*** MATERIAL FOR THIS EXERCISE ***

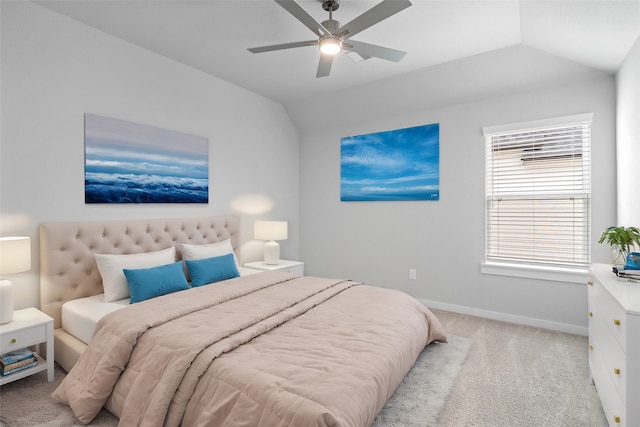 bedroom featuring ceiling fan, light carpet, and vaulted ceiling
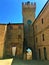 Moresco town in Fermo province, Marche region, Italy. Medieval tower, clock, white curtain and arch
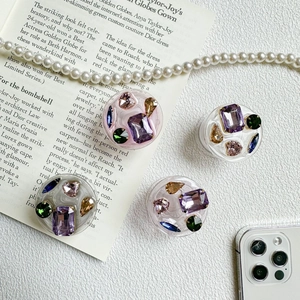 Close-up of four resin phone grips with colorful rhinestones and crystal gemstone inlay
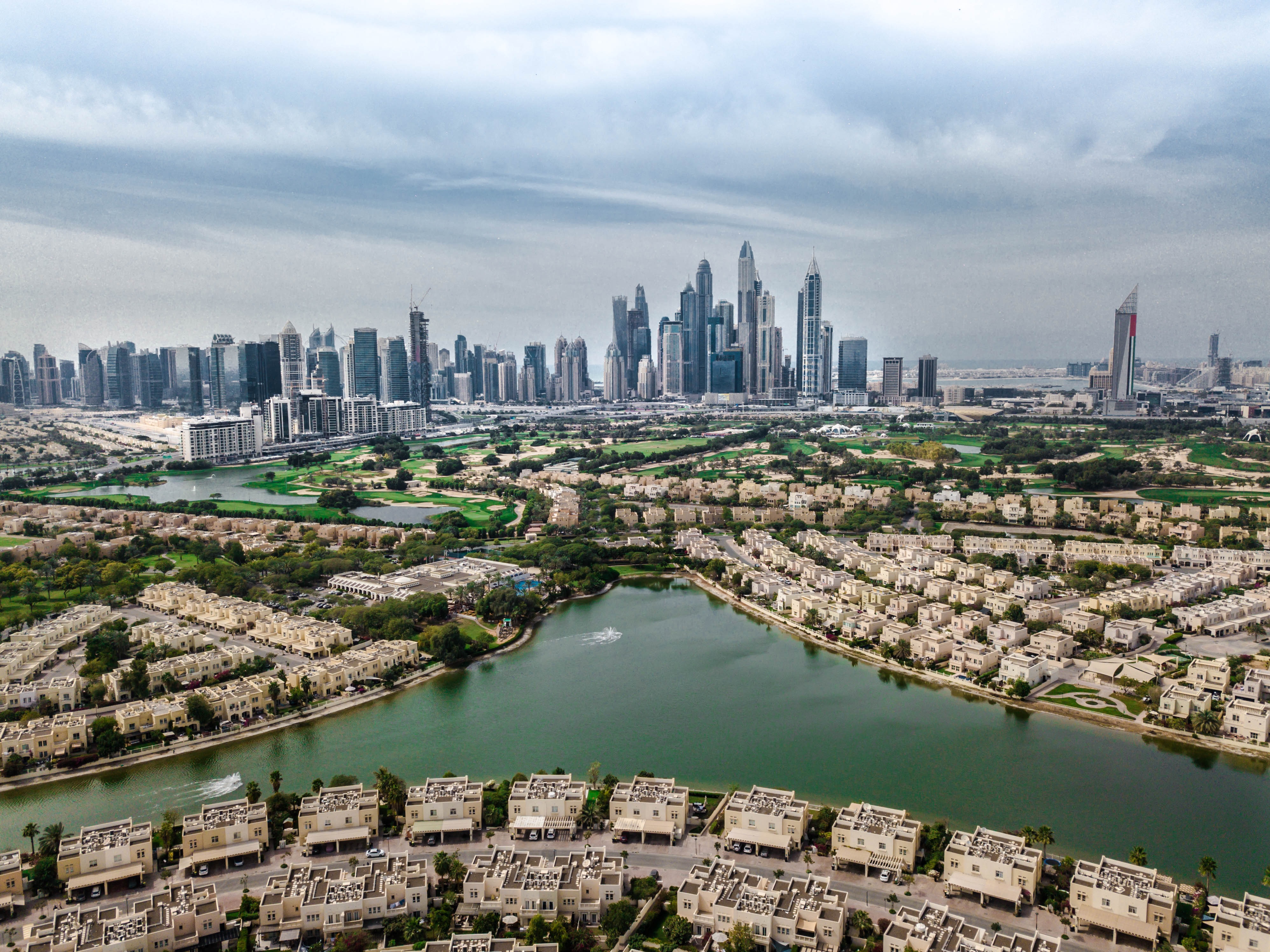 Emirates Hills_a city with many tall buildings and a river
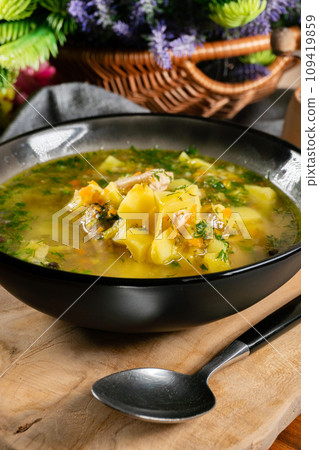 Cucumber soup in dark bowl. 109419859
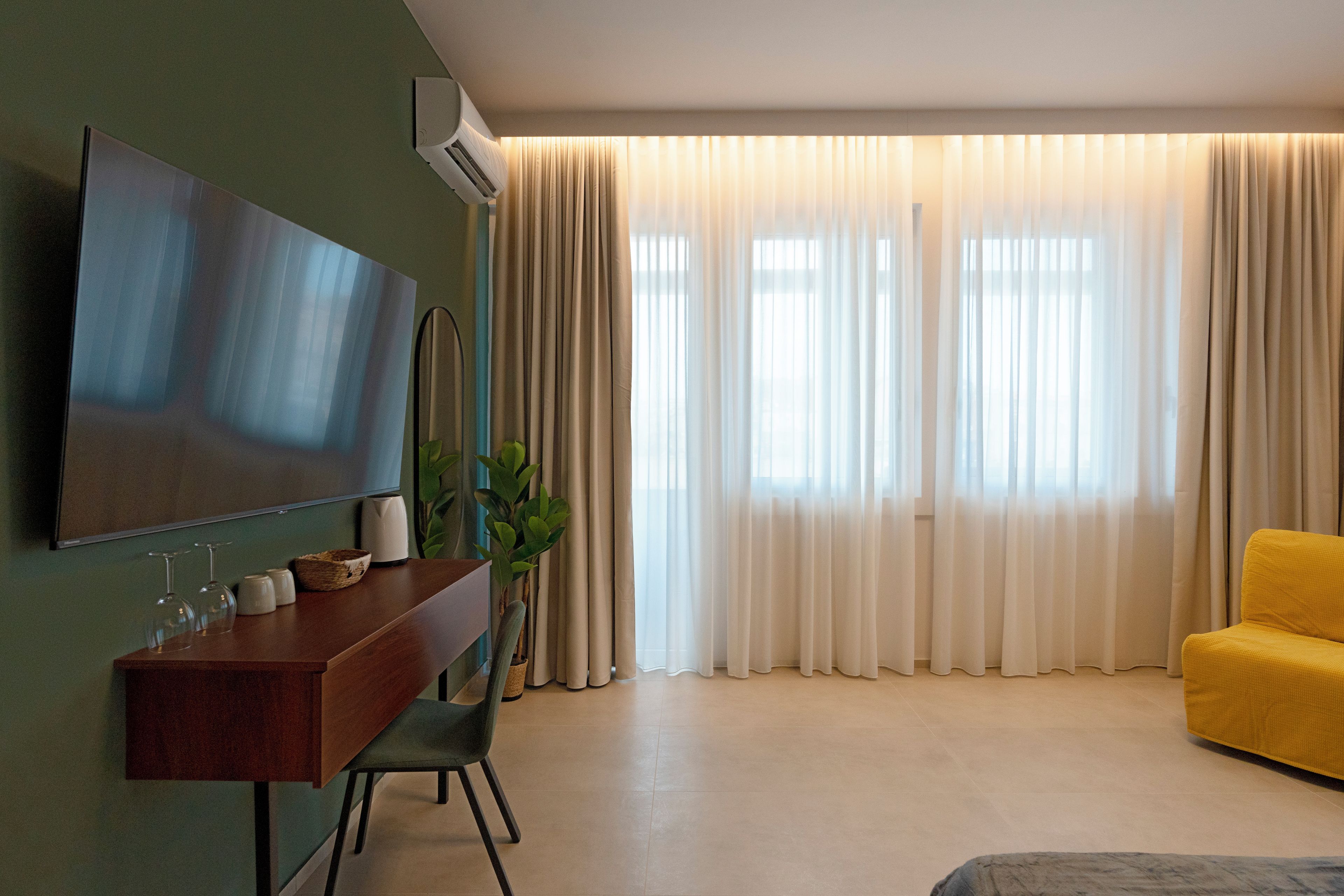 Una sala de estar moderna con un televisor de pantalla plana, un escritorio de madera, un sofá amarillo y un ventanal con cortinas translúcidas.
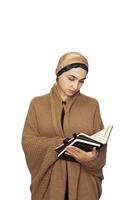 Stylish Muslim woman in warming knitted cardigan with Islamic headscarf. Portrait of cute middle-eastern model in warming and comfort clothes. Stock photo of Islamic clothing, fashion.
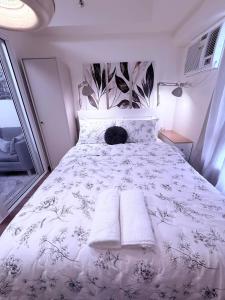 Ένα ή περισσότερα κρεβάτια σε δωμάτιο στο The Camden Place 1BR Condo Apartment +39 φωτογραφίες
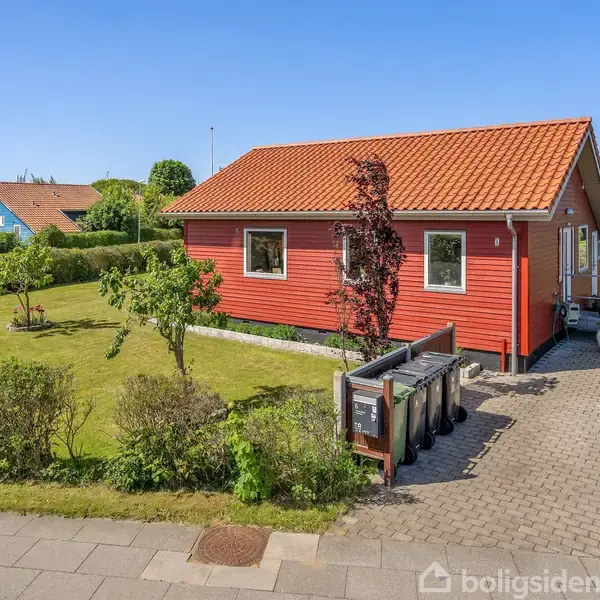 Et rødt hus med tegltag står på en velplejet græsplæne. Huset har vinduer og en indgangsvej med fliser. Haven omkranses af buske og små træer i et roligt boligområde.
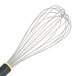 A Matfer Bourgeat stainless steel wire whisk with a yellow Exoglass handle.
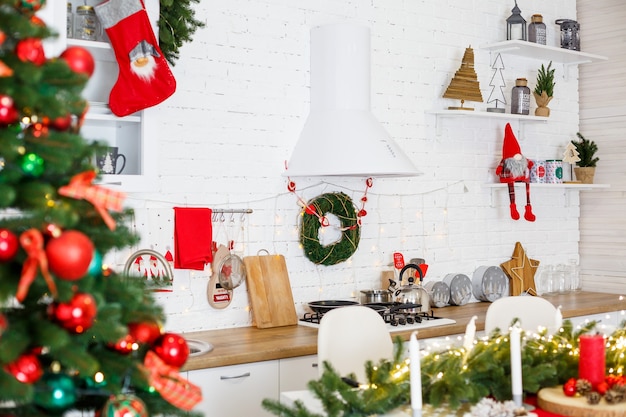 Árvore de Natal verde, decorada com bolas, enfeites de Natal, guirlandas amarelas. Decorações de ano novo na cozinha. Ano Novo. Decorações da casa para o Natal.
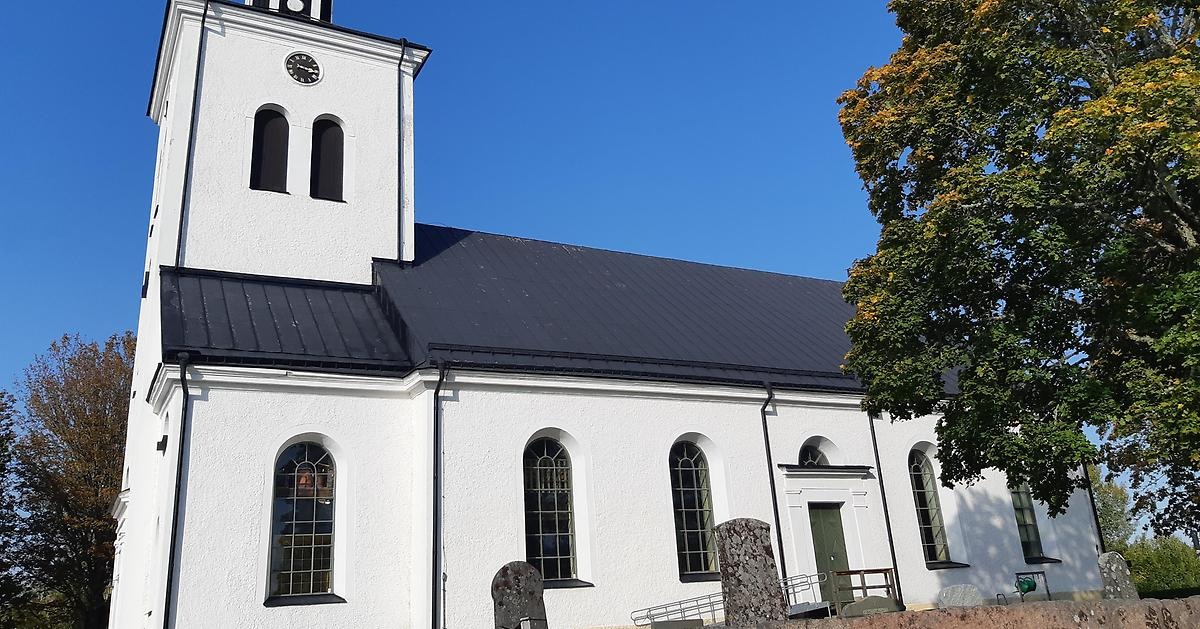 Björkö stora vita kyrka sedd från sidan, tornet till vänster och ett stort svart tak till höger.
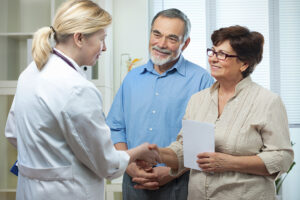 senior couple visiting a doctor for hearing aid benefit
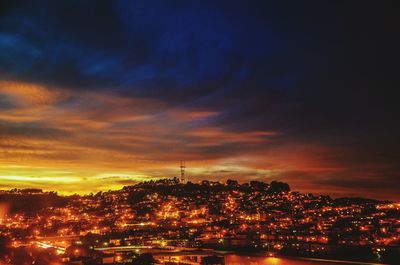 Illuminated cityscape against sky at night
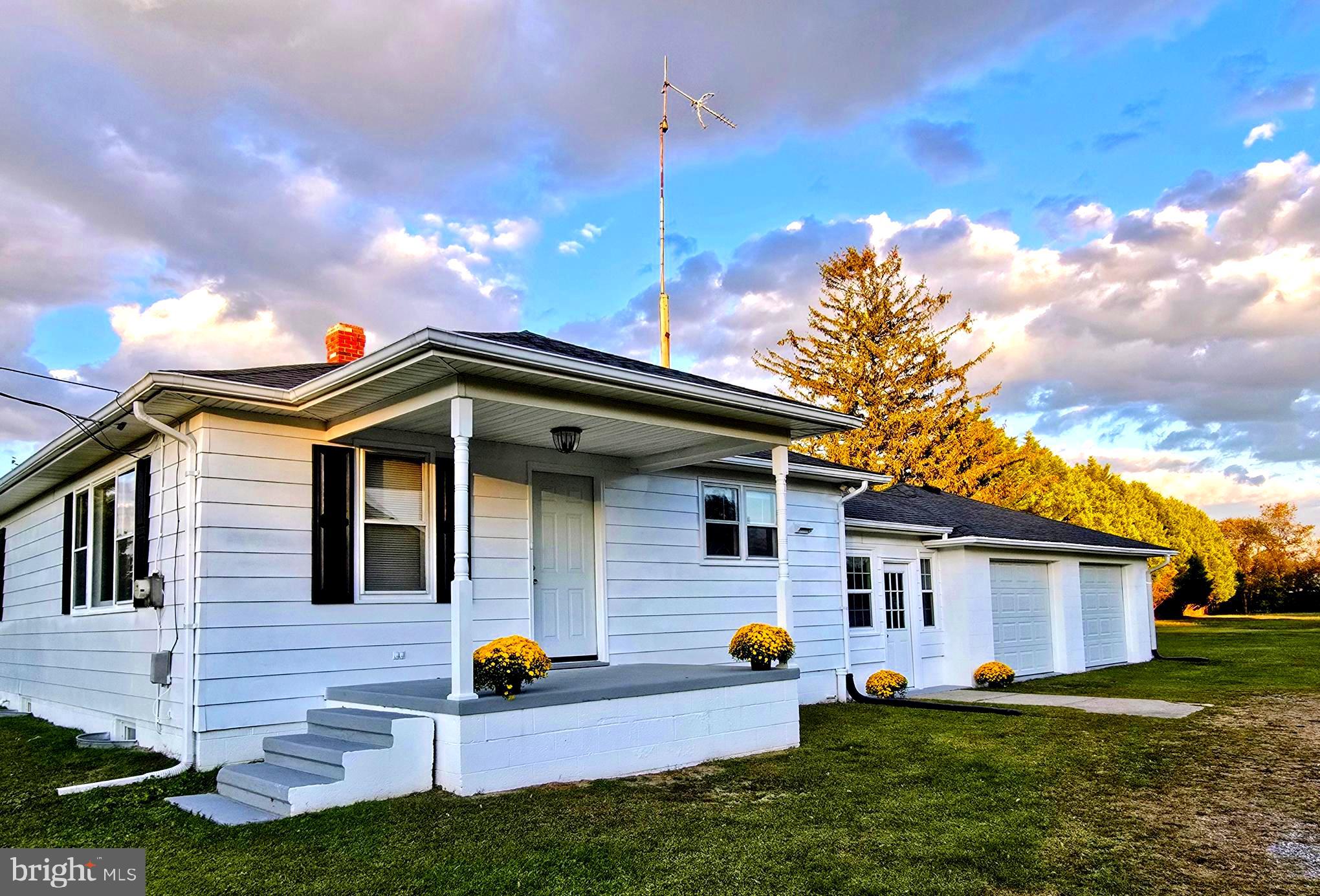a front view of house with yard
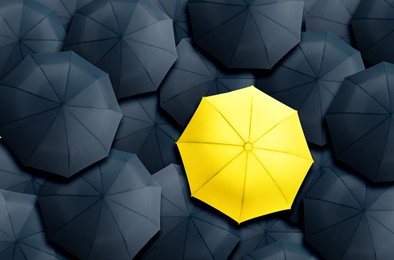 Image of Yellow umbrella standing out of other ones, top view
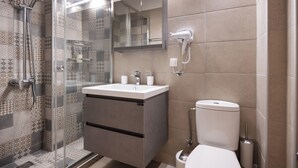 A modern bathroom with a glass-enclosed shower, a vanity with a sink, a toilet, and a hairdryer mounted on the wall. - Carmen Sea View Maisonette (Lefkada)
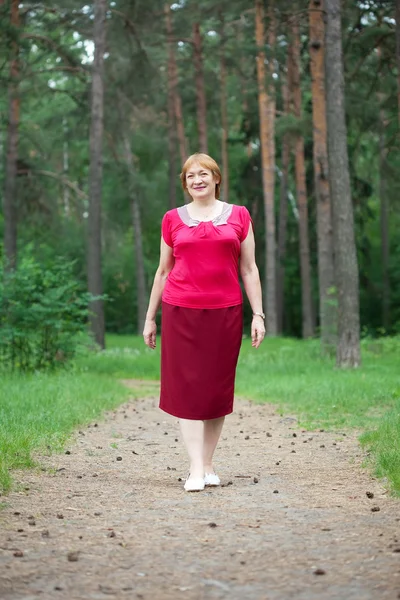 Mogen kvinna promenader i skogen — Stockfoto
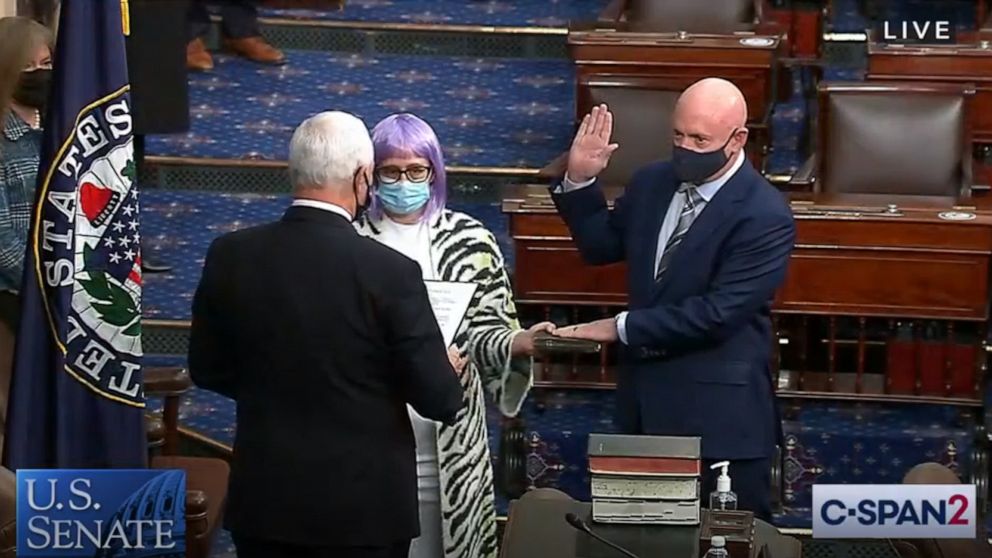 PHOTO: Mark Kelly is sworn in as Arizona's newest senator by Vice-President Mike Pence while standing next former Arizona congresswoman Gabrielle Giffords on the Senate floor in Washington, Dec. 2, 2020.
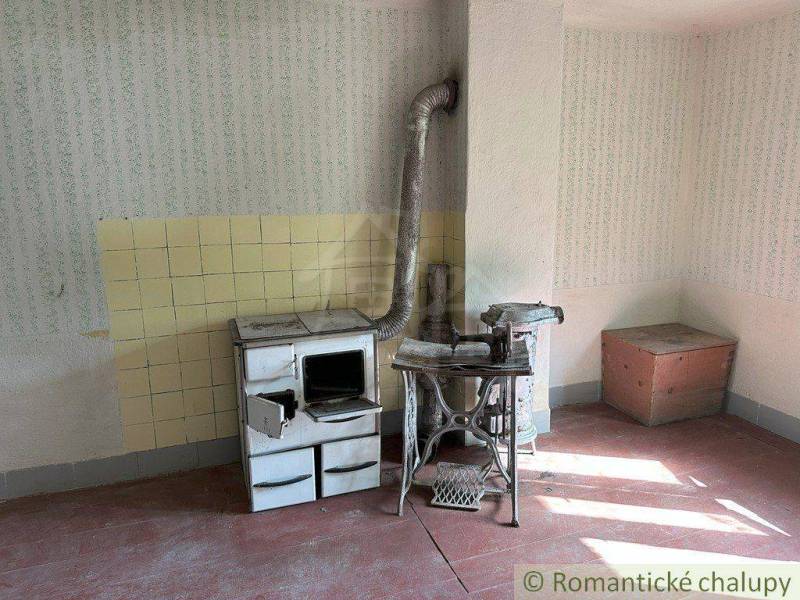Traditional family house with a vintage stove, old table, and a wooden storage cabinet.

*** End of MATERIAL FOR THIS EXERCISE ***

__TASK ITEM__: The entries should be reproduced word for word, pictures omitted.

__EXERCISE ANSWER__:
 bedroom featuring ceiling fan, light carpet, and vaulted ceiling
 Moresco town in Fermo province, Marche region, Italy. Medieval tower, clock, white curtain and arch
 Close-up of four resin phone grips with colorful rhinestones and crystal gemstone inlay
 Emirates Hills_a city with many tall buildings and a river
 Cucumber soup in dark bowl. 109419859
 Una sala de estar moderna con un televisor de pantalla plana, un escritorio de madera, un sofá amarillo y un ventanal con cortinas translúcidas.
 Stylish Muslim woman in warming knitted cardigan with Islamic headscarf. Portrait of cute middle-eastern model in warming and comfort clothes. Stock photo of Islamic clothing, fashion.
 Ένα ή περισσότερα κρεβάτια σε δωμάτιο στο The Camden Place 1BR Condo Apartment +39 φωτογραφίες
 Et rødt hus med tegltag står på en velplejet græsplæne. Huset har vinduer og en indgangsvej med fliser. Haven omkranses af buske og små træer i et roligt boligområde.
 A Matfer Bourgeat stainless steel wire whisk with a yellow Exoglass handle.
 Árvore de Natal verde, decorada com bolas, enfeites de Natal, guirlandas amarelas. Decorações de ano novo na cozinha. Ano Novo. Decorações da casa para o Natal.
 Björkö stora vita kyrka sedd från sidan, tornet till vänster och ett stort svart tak till höger.
 senior couple visiting a doctor for hearing aid benefit
 Illuminated cityscape against sky at night
a front view of house with yard
 Image of Yellow umbrella standing out of other ones, top view
 A modern bathroom with a glass-enclosed shower, a vanity with a sink, a toilet, and a hairdryer mounted on the wall. - Carmen Sea View Maisonette (Lefkada)
 Mogen kvinna promenader i skogen — Stockfoto
 PHOTO: Mark Kelly is sworn in as Arizona's newest senator by Vice-President Mike Pence while standing next former Arizona congresswoman Gabrielle Giffords on the Senate floor in Washington, Dec. 2, 2020.
Traditional family house with a vintage stove, old table, and a wooden storage cabinet.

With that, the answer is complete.